Pro-lifers and pro-choicers are at each other's throats again, this time over a new study on abortion and mental health.
A controversial new study is making the rounds online due to its conclusion that women who get abortions don’t suffer any mental health problems as a result, but they do have mental health issues if they are denied an abortion. The study comes in the wake of new laws being introduced in parts of the country that restrict abortions, frequently on the grounds that women suffer from depression, flashbacks and suicidal thoughts when they get an abortion.
The study, published this week in the journal JAMA Pschiatry, found that women who had an abortion weren’t at any greater risk of long term depression or anxiety five years after the fact. On the flip side, women who were denied abortion services because they were past the gestational limits as required by law felt greater anxiety and lower self esteem due to the fact that they had to confront a new reality of their lives where they would have to give birth to and raise a baby they didn’t want.
The study is based on examinations of 1,000 women at 30 abortion clinics in 21 states.
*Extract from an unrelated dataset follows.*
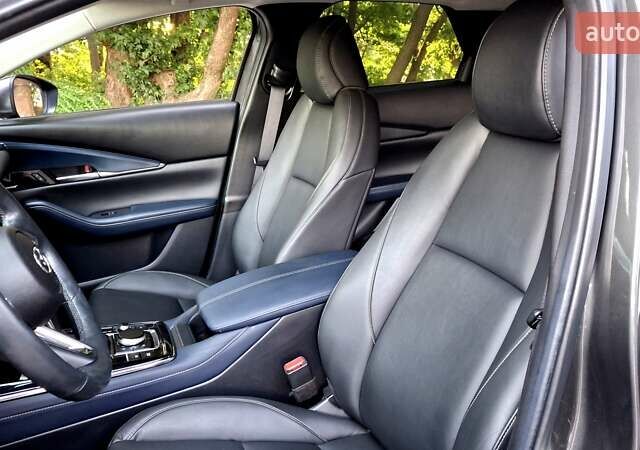 Серый Мазда CX-30, объемом двигателя 2.5 л и пробегом 70 тыс. км за 15500 $, фото 21 на Automoto.ua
It isn’t likely to change people’s minds, but it adds to a growing body of evidence that suggests mental health problems aren’t a concern when it comes to abortions. Despite this, many states print these claims as fact in pamphlets to deter women from seeking abortions, critics say.
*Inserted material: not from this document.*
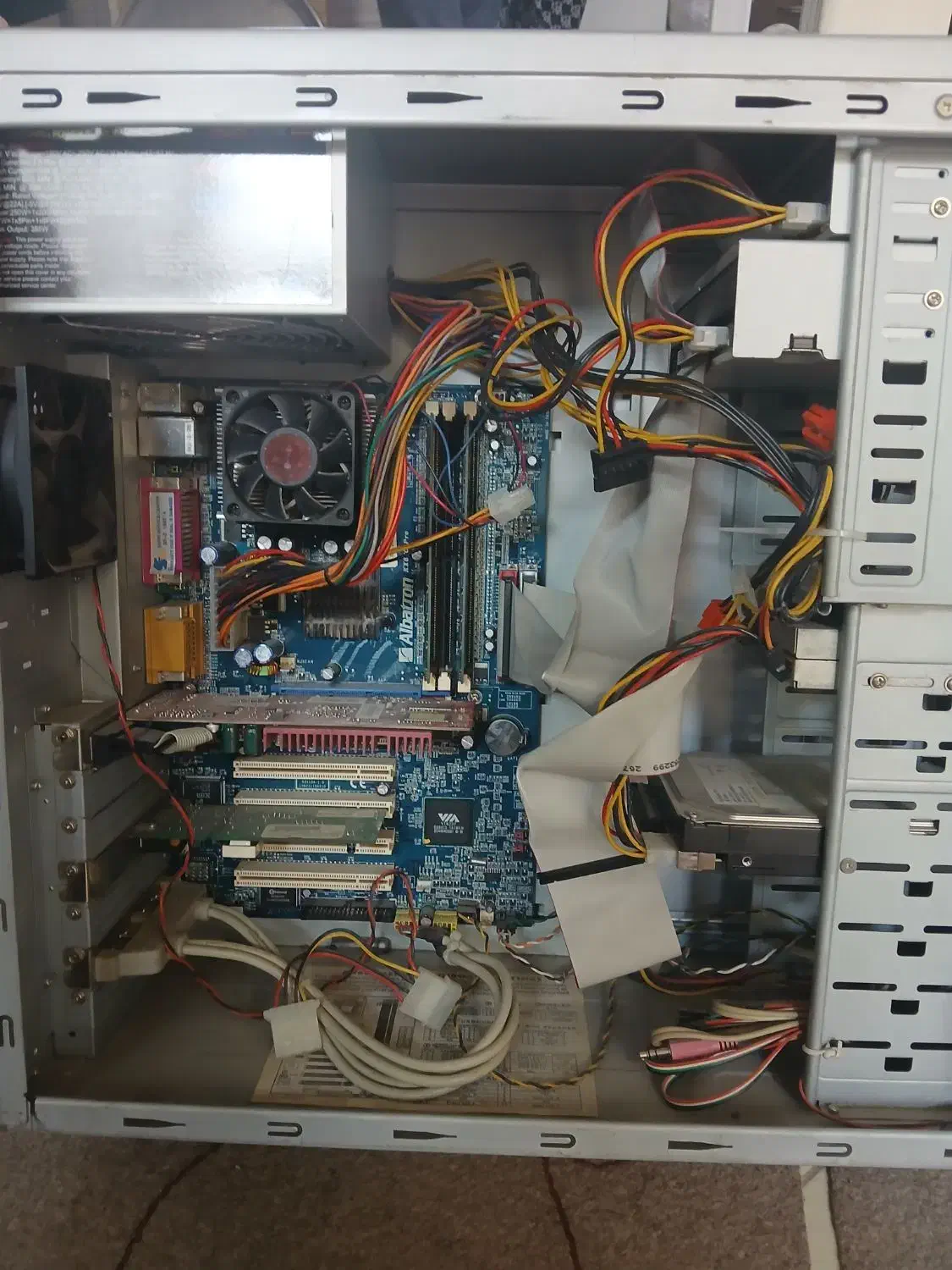 خ کیس کامپیوتر خراب قدیمی ضربه خورده ضایعاتی|رایانه رومیزی|مشهد, عامل|دیوار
“Thus, there is no evidence to justify laws that require women seeking abortion to be forewarned about negative psychological responses. Women considering abortion are best served by being provided with the most accurate, scientific information available to help them make their pregnancy decisions. These findings suggest that the effect of being denied an abortion may be more detrimental to women’s psychological well-being than allowing women to obtain their wanted procedures,” the article concludes.